__Task to carry out__:
Print exactly the lines from the one containing "12 pin till 16 pin OBD2 Adapter för GM bilar" through the last line of the listing, both included.

__Study material__:

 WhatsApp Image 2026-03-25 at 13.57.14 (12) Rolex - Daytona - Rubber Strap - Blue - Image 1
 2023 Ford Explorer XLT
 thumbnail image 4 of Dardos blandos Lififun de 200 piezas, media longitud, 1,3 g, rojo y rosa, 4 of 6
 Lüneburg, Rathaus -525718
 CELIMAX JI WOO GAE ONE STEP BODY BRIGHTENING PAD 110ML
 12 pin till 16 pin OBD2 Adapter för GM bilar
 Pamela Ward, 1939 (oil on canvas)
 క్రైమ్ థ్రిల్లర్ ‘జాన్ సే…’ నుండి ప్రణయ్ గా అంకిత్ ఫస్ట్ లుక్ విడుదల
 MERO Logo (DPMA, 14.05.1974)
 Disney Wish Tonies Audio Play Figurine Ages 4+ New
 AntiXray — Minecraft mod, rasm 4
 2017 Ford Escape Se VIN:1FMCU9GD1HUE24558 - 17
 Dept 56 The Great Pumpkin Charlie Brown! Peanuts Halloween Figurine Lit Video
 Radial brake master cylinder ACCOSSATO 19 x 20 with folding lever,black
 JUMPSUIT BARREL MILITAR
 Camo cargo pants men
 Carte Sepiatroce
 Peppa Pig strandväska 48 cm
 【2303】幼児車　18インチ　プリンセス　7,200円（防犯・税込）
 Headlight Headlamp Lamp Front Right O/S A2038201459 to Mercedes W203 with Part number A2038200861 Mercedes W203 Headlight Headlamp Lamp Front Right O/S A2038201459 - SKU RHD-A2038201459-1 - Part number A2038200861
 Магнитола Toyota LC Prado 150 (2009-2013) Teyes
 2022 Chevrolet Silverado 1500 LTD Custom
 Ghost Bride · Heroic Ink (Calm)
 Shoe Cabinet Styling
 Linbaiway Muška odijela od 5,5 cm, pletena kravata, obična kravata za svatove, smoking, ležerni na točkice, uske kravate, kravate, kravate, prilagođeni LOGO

__Task response__:
 12 pin till 16 pin OBD2 Adapter för GM bilar
 Pamela Ward, 1939 (oil on canvas)
 క్రైమ్ థ్రిల్లర్ ‘జాన్ సే…’ నుండి ప్రణయ్ గా అంకిత్ ఫస్ట్ లుక్ విడుదల
 MERO Logo (DPMA, 14.05.1974)
 Disney Wish Tonies Audio Play Figurine Ages 4+ New
 AntiXray — Minecraft mod, rasm 4
 2017 Ford Escape Se VIN:1FMCU9GD1HUE24558 - 17
 Dept 56 The Great Pumpkin Charlie Brown! Peanuts Halloween Figurine Lit Video
 Radial brake master cylinder ACCOSSATO 19 x 20 with folding lever,black
 JUMPSUIT BARREL MILITAR
 Camo cargo pants men
 Carte Sepiatroce
 Peppa Pig strandväska 48 cm
 【2303】幼児車　18インチ　プリンセス　7,200円（防犯・税込）
 Headlight Headlamp Lamp Front Right O/S A2038201459 to Mercedes W203 with Part number A2038200861 Mercedes W203 Headlight Headlamp Lamp Front Right O/S A2038201459 - SKU RHD-A2038201459-1 - Part number A2038200861
 Магнитола Toyota LC Prado 150 (2009-2013) Teyes
 2022 Chevrolet Silverado 1500 LTD Custom
 Ghost Bride · Heroic Ink (Calm)
 Shoe Cabinet Styling
 Linbaiway Muška odijela od 5,5 cm, pletena kravata, obična kravata za svatove, smoking, ležerni na točkice, uske kravate, kravate, kravate, prilagođeni LOGO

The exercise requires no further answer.